The Marion Superior Court initially denied the Archdiocese’s motions to dismiss, to reconsider and for judgment on the pleadings. However, with the appointment of a second special judge, the trial court dismissed the case with no explanation.

The Court of Appeals of Indiana then reversed and the Archdiocese petitioned for transfer to the Indiana Supreme Court. The justices decided to hold oral arguments before ruling on whether to accept transfer.

David questioned Goodrich about the limits of church autonomy.

“So where’s that line drawn and how do we guard against essentially applying a qualified immunity?” David asked. “‘Sorry, it’s a church, game over.’ Help me navigate that.”

Goodrich responded that the claims that do not involve internal church communications could be litigated. The Payne-Elliott complaint, on the other hand, steps on religious freedom because the issues raised include “a core aspect of church governance” and a “clear violation” of Catholic moral teaching.
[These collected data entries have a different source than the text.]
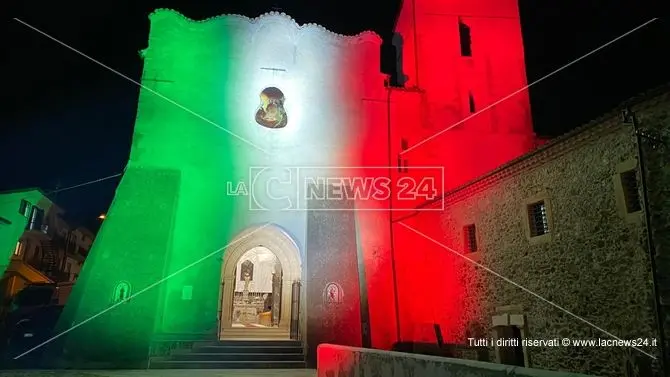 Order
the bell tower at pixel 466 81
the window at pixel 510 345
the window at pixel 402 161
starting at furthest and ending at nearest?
the bell tower at pixel 466 81
the window at pixel 402 161
the window at pixel 510 345

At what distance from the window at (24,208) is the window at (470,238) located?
2287 cm

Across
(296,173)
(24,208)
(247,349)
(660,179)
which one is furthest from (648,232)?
(24,208)

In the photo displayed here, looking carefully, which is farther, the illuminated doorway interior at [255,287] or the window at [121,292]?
the illuminated doorway interior at [255,287]

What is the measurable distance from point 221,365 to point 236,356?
459 millimetres

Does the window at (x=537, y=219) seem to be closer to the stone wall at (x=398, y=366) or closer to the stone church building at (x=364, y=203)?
the stone church building at (x=364, y=203)

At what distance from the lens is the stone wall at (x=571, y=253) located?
727 cm

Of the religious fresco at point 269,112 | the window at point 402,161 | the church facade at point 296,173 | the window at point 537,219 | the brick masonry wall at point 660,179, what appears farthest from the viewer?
the window at point 402,161

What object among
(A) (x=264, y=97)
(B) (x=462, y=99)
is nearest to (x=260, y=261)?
(A) (x=264, y=97)

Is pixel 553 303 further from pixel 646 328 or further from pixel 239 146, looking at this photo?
pixel 239 146

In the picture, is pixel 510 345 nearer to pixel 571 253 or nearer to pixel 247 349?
pixel 571 253

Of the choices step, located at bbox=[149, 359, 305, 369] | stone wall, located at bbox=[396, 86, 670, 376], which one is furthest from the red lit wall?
step, located at bbox=[149, 359, 305, 369]

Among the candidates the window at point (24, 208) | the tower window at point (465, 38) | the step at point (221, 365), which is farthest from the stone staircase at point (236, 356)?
the window at point (24, 208)

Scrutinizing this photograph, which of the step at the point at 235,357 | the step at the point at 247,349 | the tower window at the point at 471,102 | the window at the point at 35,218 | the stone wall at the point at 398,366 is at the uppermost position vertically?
the tower window at the point at 471,102

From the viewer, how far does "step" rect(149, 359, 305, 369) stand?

“You would ask on a case-by-case basis, ‘Is this claim likely to entangle civil courts in religious questions?’” Goodrich replied. “And here, you don’t have to speculate about that. It’s already happened with the first special judge’s actions in this case and the way that the plaintiff is litigating it.”

Gutwein maintained the case is unclear as to whether the decision to fire Payne-Elliott was based on church teachings. He repeatedly noted an ecclesiastical directive has never been presented and is not part of the record.

“In our complaint, we allege that Cathedral was directed to fire him,” Gutwein said. “The defendant here denies that allegation … but then claims, based upon the directive that it denies ever having issued, it should be entitled to complete immunity.”

Discovery dispute

As the case has progressed, Payne-Elliott has argued more discovery is needed. He has sought to determine whether the Archdiocese has instructed schools to terminate teachers alleged to have violated church teachings on marriage, including divorce and unmarried cohabitation.

Massa, echoing David, asked how the court could examine whether the Archdiocese was justified in its actions without “getting completely tangled up in the question of canon law and faith governance?”

Gutwein pointed to the lack of discovery.

“We just don’t know because we haven’t had discovery,” he said. “But it is still the case that their conduct can be motivated by religious reasons and still not be justified.”

Goodrich pushed back, saying the Archdiocese has complied with discovery requests and turned over “hundreds of pages” and answered interrogatories. The only discovery the church has withheld is giving the names of every employee who has allegedly violated Catholic teachings.

Providing that information, Goodrich said, would be “grossly intrusive into the internal affairs of the church.”

Also, on rebuttal, Goodrich said the dispute has caught the attention of the Vatican.

“The Vatican in Rome is looking at the archbishop’s directive and asking if it was justified as a matter of canon law,” Goodrich told the justices. “You are here in Indiana looking at the same question, ‘Is the archbishop’s ecclesiastical directive to Cathedral justified?’ That should be deeply troubling. It shows that this is a lawsuit challenging a core aspect of church governance and on the face of the complaint that can’t proceed.”